INSTRUCTIONS FOR THE TASK —
Print every entry below again exactly as written, skipping the pictures.

+ + + +

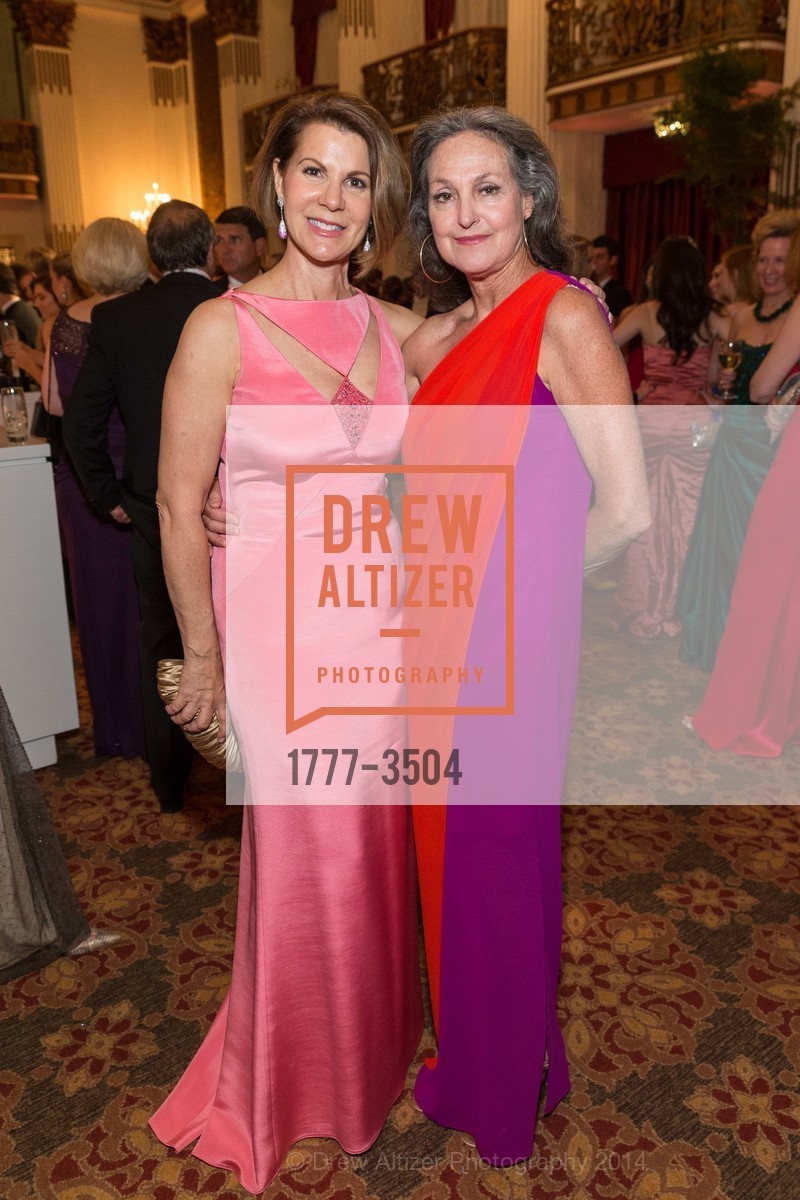 Katie Jarman, Lynn Russell, San Francisco Debutante Ball 2014, US, June 14th, 2014, Photo #1777-3504 Katie Jarman, Lynn Russell, Photo #1777-3504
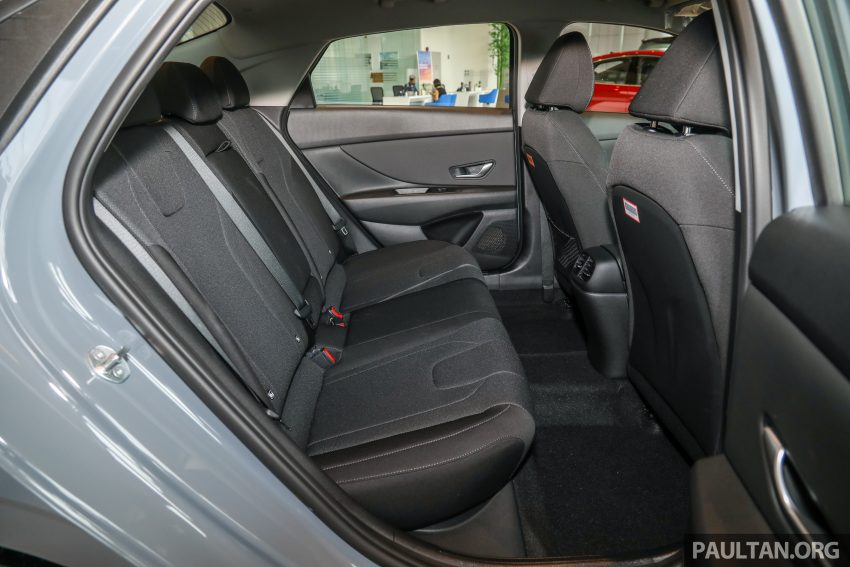 图集：2021 Hyundai Elantra 1.6 Executive，售RM140k 154048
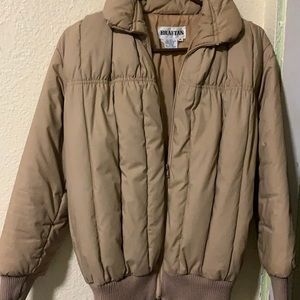 Womens puffer jacket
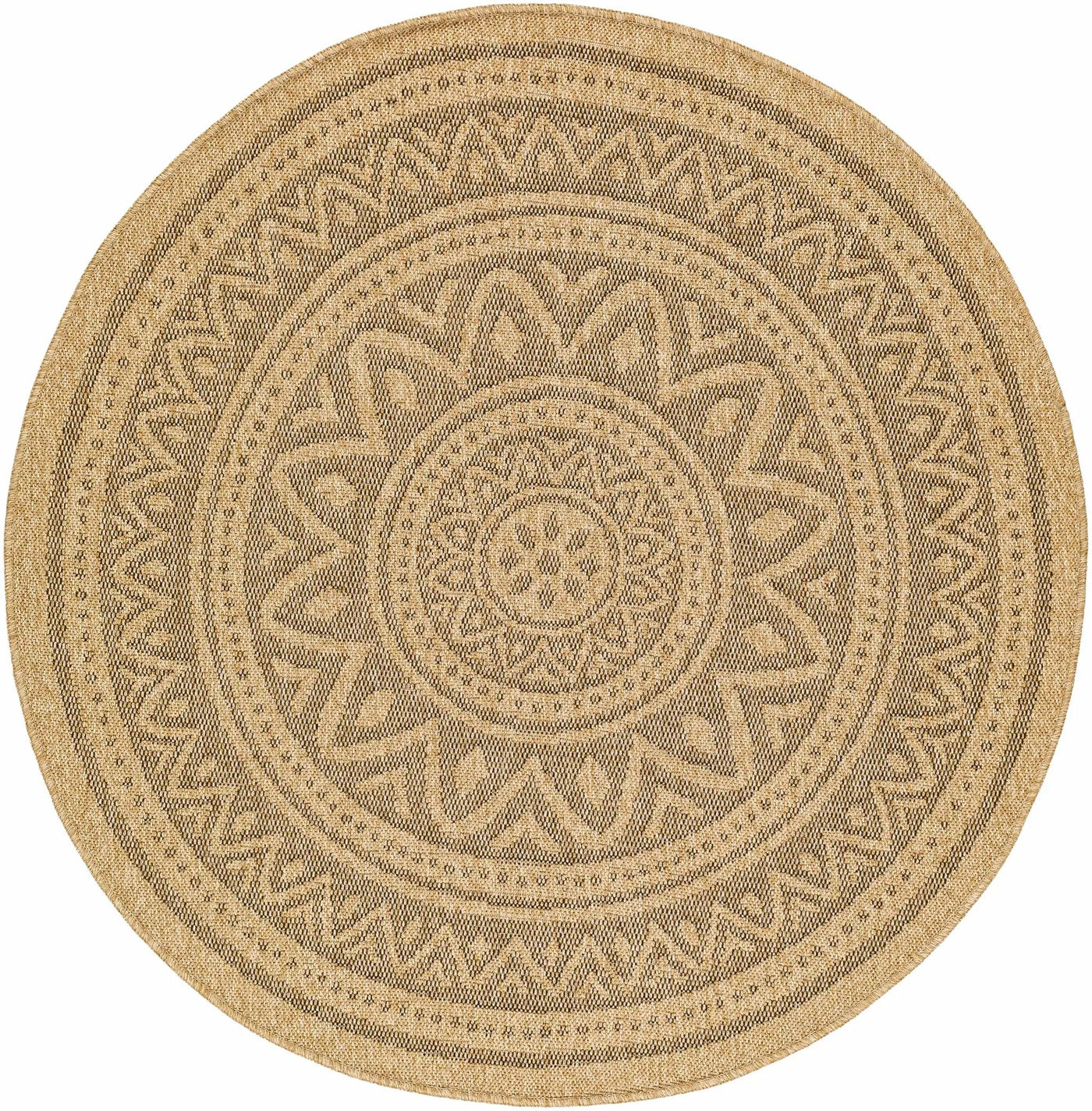 Gitel Outdoor Area Rug - Clearance by Boutique Rugs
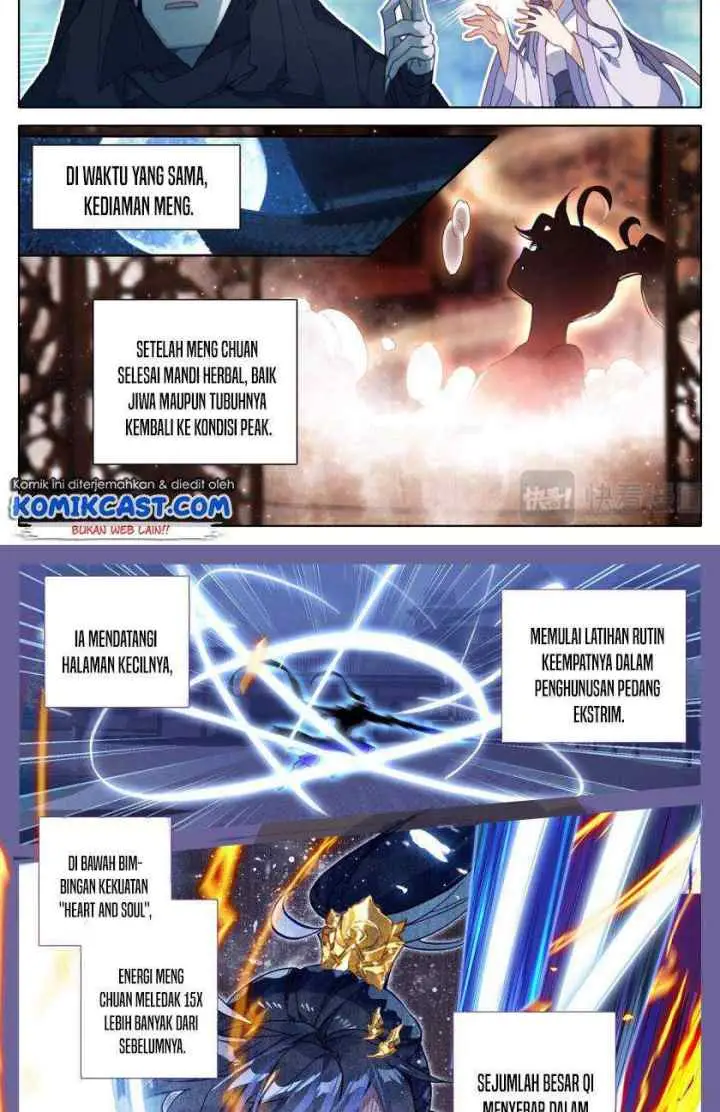 Cang Yuantu chapter 29 halaman 14
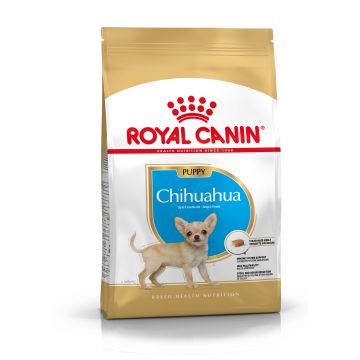 Royal Canin רויאל קנין 1.5 ק"ג מזון יבש לכלבים גורים מגזע צ'יוואווה (ג'וניור צ'יוואווה)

+ + + +

ANSWER SPACE —
 Katie Jarman, Lynn Russell, San Francisco Debutante Ball 2014, US, June 14th, 2014, Photo #1777-3504 Katie Jarman, Lynn Russell, Photo #1777-3504
 图集：2021 Hyundai Elantra 1.6 Executive，售RM140k 154048
 Womens puffer jacket
 Gitel Outdoor Area Rug - Clearance by Boutique Rugs
 Cang Yuantu chapter 29 halaman 14
 Royal Canin רויאל קנין 1.5 ק"ג מזון יבש לכלבים גורים מגזע צ'יוואווה (ג'וניור צ'יוואווה)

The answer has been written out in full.